この頁では成年被後見人が取締役に就任する場合の登記手続を考えてみよう。この頁を書いている時点では制度開始から日が浅く、それほどの実例もないことからある程度は想像で補うことしかない。

添付書類は選任を証する株主総会議事録が必要なのはいうまでもない。設立時であれば定款などでもOKだろう。

①就任承諾書
就任承諾書は成年後見人が作成すること(成年後見人が作成名義人となるってこと)となる。つまり署名押印するのは成年後見人ということである。
記載例は
「成年被後見人Aが貴社取締役に就任することを承諾する。A成年後見人B 印」
となるのであろう。
押印の有無についてはこの後で述べる
成年後見人と成年被後見人双方の住所と氏名を記載するようだ。

②後見登記事項証明書
就任承諾をする成年後見人が誰なのかということを証するために添付する。
この後見登記事項証明書については明確な見解はないが、商業登記規則36条の2により作成後3ヶ月以内という有効期間の制約があると考える。登記事項証明書って法人登記のものを念頭に置いた規定なんだろうが、後見登記事項証明書も登記事項証明書だしな。

③成年被後見人の同意書
成年被後見人は成年後見人に対して何について同意をするのだろうか。同意書の記載すべき内容に関わるので検討しておこう。
取締役に就任することを同意するのだろうか?それとも自身に代わり会社に対して就任承諾の意思表示をすることであろうか。
同意というのは他人(成年後見人)がこれからしようとしていること(就任承諾)に賛同するという意味がある。
取締役に就任するのは成年被後見人であり、その承諾は会社に対して行うべきものであること、そもそも同意とは行為者(成年後見人)に対して行為者以外の者(成年被後見人)が行うことなのだから後者であろう。
したがって、同意書は
「取締役に就任することを同意します。 成年被後見人A」ではなく、
「成年後見人Bが取締役への就任承諾をすることを同意します。

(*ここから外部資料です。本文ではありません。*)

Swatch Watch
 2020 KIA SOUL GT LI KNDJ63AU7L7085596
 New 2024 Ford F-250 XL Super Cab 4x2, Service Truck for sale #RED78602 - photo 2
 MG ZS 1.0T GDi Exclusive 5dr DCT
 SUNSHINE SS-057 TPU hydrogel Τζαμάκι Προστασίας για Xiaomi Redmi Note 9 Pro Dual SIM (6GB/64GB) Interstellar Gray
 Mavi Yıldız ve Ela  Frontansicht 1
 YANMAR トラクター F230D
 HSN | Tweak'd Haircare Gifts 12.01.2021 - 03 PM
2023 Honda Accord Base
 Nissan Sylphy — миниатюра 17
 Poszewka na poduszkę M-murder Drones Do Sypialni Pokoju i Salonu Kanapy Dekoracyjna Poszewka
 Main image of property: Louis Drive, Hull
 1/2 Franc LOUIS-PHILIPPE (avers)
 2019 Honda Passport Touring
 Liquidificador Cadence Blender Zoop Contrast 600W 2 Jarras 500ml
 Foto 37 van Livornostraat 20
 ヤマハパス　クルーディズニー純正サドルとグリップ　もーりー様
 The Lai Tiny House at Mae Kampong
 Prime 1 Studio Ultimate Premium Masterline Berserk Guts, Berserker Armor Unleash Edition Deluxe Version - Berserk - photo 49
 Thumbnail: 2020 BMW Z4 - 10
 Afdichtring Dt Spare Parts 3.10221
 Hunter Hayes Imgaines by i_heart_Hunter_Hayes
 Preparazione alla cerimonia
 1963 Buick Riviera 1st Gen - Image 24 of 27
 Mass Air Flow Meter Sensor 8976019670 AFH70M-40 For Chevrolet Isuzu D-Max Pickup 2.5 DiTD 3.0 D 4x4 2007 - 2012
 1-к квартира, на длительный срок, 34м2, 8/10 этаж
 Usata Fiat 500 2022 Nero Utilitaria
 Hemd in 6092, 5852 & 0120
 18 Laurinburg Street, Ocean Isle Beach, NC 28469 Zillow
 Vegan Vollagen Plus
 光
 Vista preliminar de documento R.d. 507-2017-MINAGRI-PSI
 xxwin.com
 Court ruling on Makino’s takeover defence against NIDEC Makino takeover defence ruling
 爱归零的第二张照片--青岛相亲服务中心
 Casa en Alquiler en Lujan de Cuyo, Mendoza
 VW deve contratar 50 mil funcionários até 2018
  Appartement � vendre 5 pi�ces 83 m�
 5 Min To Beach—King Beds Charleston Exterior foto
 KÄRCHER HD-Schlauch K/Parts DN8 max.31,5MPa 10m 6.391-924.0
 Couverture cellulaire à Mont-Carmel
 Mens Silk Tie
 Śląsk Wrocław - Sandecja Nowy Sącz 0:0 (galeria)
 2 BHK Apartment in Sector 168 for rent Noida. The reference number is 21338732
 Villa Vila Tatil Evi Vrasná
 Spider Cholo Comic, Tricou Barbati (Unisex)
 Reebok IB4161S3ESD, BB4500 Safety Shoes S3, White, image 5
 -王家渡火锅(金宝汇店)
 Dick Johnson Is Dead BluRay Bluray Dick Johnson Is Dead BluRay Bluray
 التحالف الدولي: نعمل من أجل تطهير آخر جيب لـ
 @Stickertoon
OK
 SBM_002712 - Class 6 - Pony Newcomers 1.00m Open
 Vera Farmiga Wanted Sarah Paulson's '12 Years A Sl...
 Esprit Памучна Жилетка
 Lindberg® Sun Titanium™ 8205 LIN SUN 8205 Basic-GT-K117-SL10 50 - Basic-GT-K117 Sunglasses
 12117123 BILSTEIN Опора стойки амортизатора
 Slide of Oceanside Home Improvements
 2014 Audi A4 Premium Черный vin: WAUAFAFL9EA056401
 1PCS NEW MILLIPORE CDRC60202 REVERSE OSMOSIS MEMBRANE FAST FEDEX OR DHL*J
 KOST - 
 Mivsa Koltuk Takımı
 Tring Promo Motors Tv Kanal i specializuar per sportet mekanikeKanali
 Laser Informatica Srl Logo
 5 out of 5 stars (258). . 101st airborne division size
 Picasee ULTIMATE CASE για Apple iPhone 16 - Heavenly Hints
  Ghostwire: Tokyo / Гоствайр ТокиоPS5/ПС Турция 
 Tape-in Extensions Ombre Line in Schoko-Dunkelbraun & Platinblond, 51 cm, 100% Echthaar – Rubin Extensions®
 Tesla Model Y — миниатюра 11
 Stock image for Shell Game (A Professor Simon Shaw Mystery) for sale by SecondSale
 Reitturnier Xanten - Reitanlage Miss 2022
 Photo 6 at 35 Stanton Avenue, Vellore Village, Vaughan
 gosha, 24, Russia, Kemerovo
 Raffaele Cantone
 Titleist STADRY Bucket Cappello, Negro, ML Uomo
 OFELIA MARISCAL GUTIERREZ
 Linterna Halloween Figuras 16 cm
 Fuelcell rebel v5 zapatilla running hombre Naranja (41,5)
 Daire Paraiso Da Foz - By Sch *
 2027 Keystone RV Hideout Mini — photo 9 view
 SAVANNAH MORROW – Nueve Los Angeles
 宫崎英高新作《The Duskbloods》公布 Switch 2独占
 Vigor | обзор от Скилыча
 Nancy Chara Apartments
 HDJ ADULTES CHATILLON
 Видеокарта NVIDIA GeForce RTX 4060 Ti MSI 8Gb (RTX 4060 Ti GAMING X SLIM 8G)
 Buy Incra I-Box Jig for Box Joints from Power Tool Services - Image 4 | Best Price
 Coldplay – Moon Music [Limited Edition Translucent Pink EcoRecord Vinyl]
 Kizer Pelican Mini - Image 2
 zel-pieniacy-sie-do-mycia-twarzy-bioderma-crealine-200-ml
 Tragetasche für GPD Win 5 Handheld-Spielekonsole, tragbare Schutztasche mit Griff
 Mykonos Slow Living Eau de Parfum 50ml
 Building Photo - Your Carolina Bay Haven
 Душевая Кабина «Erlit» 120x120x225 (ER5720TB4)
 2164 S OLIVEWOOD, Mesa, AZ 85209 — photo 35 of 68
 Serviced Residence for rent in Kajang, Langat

成年被後見人A」
と記載すべきだろう。
あまり変わりがないような気もする。些細な点なのでどちらでも登記申請は受理されるだろう。
同意書に押印が必要かという点についてはこの後に述べる。

④成年被後見人の本人確認証明書
取締役となる者の実在性を確認するために官公署作成の身分証明書、正確に言えば住所と氏名が記載されている文書を添付するのだが、後見登記事項証明書を添付するのでこれで足りる。敢えて住民票などを別に用意する必要はない。

⑤成年後見人の印鑑証明書
非取締役会設置会社であれば取締役、取締役会設置会社であれば代表取締役に就任する場合には、就任承諾書には成年後見人の実印を押印して、印鑑証明書を添付する。取締役に就任する成年被後見人ではなく就任承諾書に記名押印する成年後見人の印鑑証明書を添付するのだ。

添付書類の注意点としては次のとおりだ。
①就任承諾書の記載事項
就任承諾書には成年後見人及び成年被後見人の住所と氏名を記載するのだが、いずれも成年後見登記事項証明書の記載と一致していなければならない。
成年後見人の印鑑証明書を添付する場合には印鑑証明書の記載とも一致していなければならない。

②成年後見人が法人の場合
司法書士法人などの法人が成年後見人に選任されることはよくある。この法人である成年後見人が同意するときは、同意書は代表者が作成し、当該法人の登記事項証明書(資格証明書などといわれている)を添付する。この登記事項証明書も作成後の有効期間の制限はないのではないかと考える。もっともこの場合には会社当法人番号を提供すればいいので、作成期限云々の問題は起きないだろう(商業登記規則19条の2)

③成年後見監督人がいる場合
この場合は成年後見監督人の同意も必要となる。法人であれば上記②と同じようになる。

④就任承諾書・同意書に押印は必要だろうか
就任承諾書は原則として押印不要(極端ではあるが署名も不要かもしれない)だが、印鑑証明書の添付が必要な局面では実印で押印する必要がある。
同意書は押印不要である。(こちらも署名も不要かもしれない)
通称「印鑑不要通達(令和3年1月29日民商10号)」は以外と射程距離が広い。いろいろな添付書類の押印が不要となってしまうのだ。従来の商業登記実務の常識を大きく破壊してしまうものだ。(ホントにこれでいいのだろうかと疑問に思ってしまうが・・・。)後述のように印鑑証明書が発行されないこともあるので実印の押印を求めることはできないし、実印が不可なら認印を押印せよ、ということではないだろう。

⑤印鑑証明書の種類
印鑑証明書の種類とはなんぞよ?と思うかもしれないが、成年後見人は家庭裁判所に印鑑を届けることにより家庭裁判所書記官が印鑑証明書を作成してくれるのだ。
また、司法書士や弁護士であれば所属会も職印証明書を作成してくれる。
 これらの印鑑証明書でもOKなのか?ということである。不動産登記ではしばしばこういった問題が起きるが、商業登記の世界ではこれまでほとんどこの手の問題は生じてこなかった。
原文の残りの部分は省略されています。